I’ll defer to the slightly older members about this since I was too young to actually see him play, but I think a case can be made that Gino was the best Patriot performer from 1960 until Hannah came to the team, and was great to listen to on the radio for the next 50 years. A wonderful life, RIP Duke.
Gino was only one of the many great Patriots players of the sixties. We had eleven AFL All-Stars in 1963 & 1966.

Best Pats player before Hannah is probably Houston Antwine, who is on the AFL All-Time Team.
 
It is an absolute sin he is not in the Pro Football HoF, further proof the AFL prejudice still isn't gone.
AFL prejudice morphed into Patriots prejudice once the merger was consummated in 1970, with Rozelle's one big family, and Davis left out as the angry drunk uncle.
RIP to a Patriot Legend ... Atrocity that he's not in the NFL HoF
fify

Gino, Houston Antwine, and also Jon Morris belong in any legitimate PFHOF.
RIP, Gino. You are sorely missed.
So, how many league scoring leaders do you think we've had?

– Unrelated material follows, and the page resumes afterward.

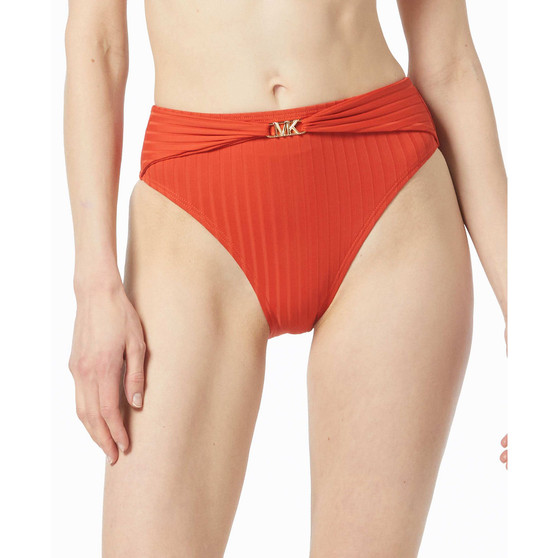 Women's Ribbed Logo-Waist Bikini Bottoms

Gino Cappelletti: 1961,1963,1964,1965,1966
John Smith: 1979,1980
Tony Franklin: 1986
Adam Vinatieri: 2004
Stephen Gostkowski: 2008,2012,2013,2014,2015
Nick Folk: 2021

No, I don't think any other team has nearly as many all time.
 
The original Patriot! RIP, I agree wit RK’s statement, he belongs in the Pro Football HOF
Keeping Gino, Houston, Jon et al. out of the PFHOF helps perpetuate the false laughingstock narrative, which in turn helps keep them out reciprocally.
 
One of my NFL heroes...a man's man the likes of which are few and far between THESE incredibly whiny pansy azzed days
Joker, couldn’t have said it better. I say the following at wakes when someone of that generation passes, “when someone of that generation passes this country loses just a little bit of it’s soul each time.”
 
Gino was the quiet leader, the person you look up to, solid steel rebar on the inside but kind outside

Thinking of Gino, brings me back to my youth and my dad bringing me to Patriot games at Fenway Park and Harvard Stadium. I recall collecting the Coca Cola bottle caps that you put on a sheet and turned in for prizes. My dad grew up in Jamaica Plain and I believe he used to take me up to a TV repair shop that was run by Bob Dee’s brother or maybe it was Bob Dee himself.
 
AFL prejudice morphed into Patriots prejudice once the merger was consummated in 1970, with Rozelle's one big family, and Davis left out as the angry drunk uncle.

fify

Gino, Houston Antwine, and also Jon Morris belong in any legitimate PFHOF.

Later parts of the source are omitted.